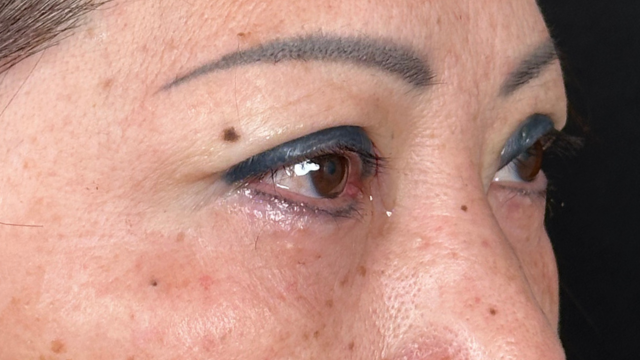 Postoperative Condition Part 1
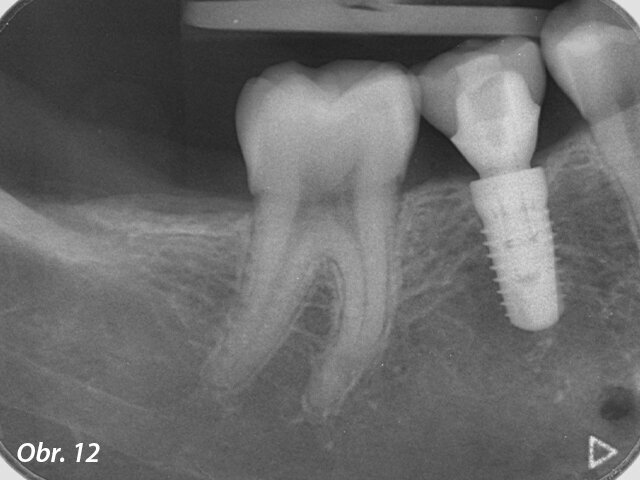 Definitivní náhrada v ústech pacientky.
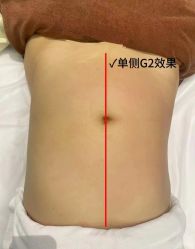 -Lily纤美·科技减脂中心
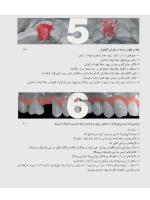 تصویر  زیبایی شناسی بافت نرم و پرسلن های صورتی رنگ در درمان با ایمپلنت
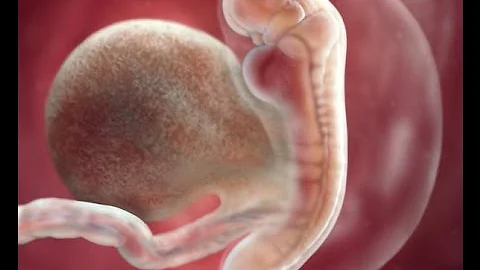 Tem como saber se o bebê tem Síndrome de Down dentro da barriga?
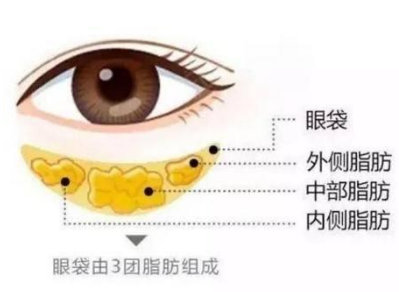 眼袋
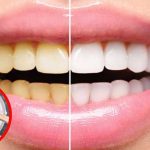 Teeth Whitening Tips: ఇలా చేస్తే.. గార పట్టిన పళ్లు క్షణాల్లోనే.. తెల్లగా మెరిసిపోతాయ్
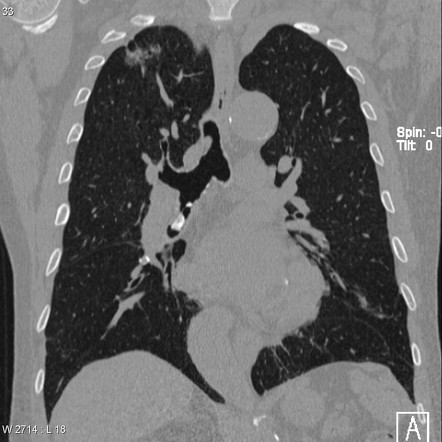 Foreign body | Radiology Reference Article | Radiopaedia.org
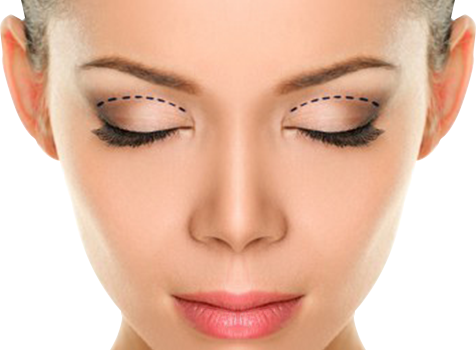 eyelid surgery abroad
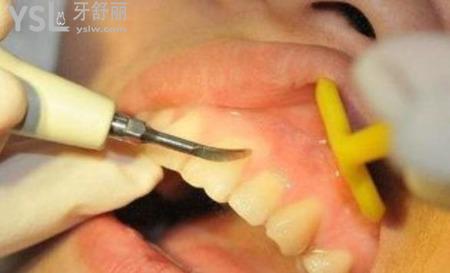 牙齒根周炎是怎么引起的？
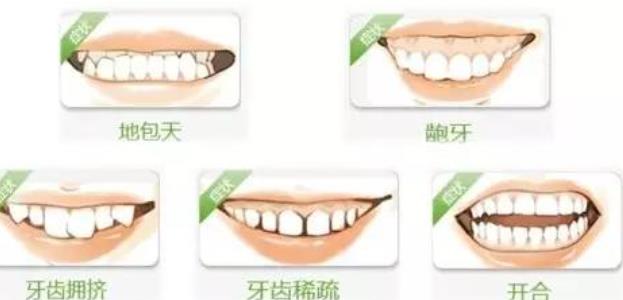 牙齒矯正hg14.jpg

-----

■ **Problem requirements**: Give the data above again exactly. Leave the pictures out.

■ **Result for this task**:
 Postoperative Condition Part 1
 Definitivní náhrada v ústech pacientky.
 -Lily纤美·科技减脂中心
 تصویر  زیبایی شناسی بافت نرم و پرسلن های صورتی رنگ در درمان با ایمپلنت
 Tem como saber se o bebê tem Síndrome de Down dentro da barriga?
 眼袋
 Teeth Whitening Tips: ఇలా చేస్తే.. గార పట్టిన పళ్లు క్షణాల్లోనే.. తెల్లగా మెరిసిపోతాయ్
 Foreign body | Radiology Reference Article | Radiopaedia.org
 eyelid surgery abroad
 牙齒根周炎是怎么引起的？
 牙齒矯正hg14.jpg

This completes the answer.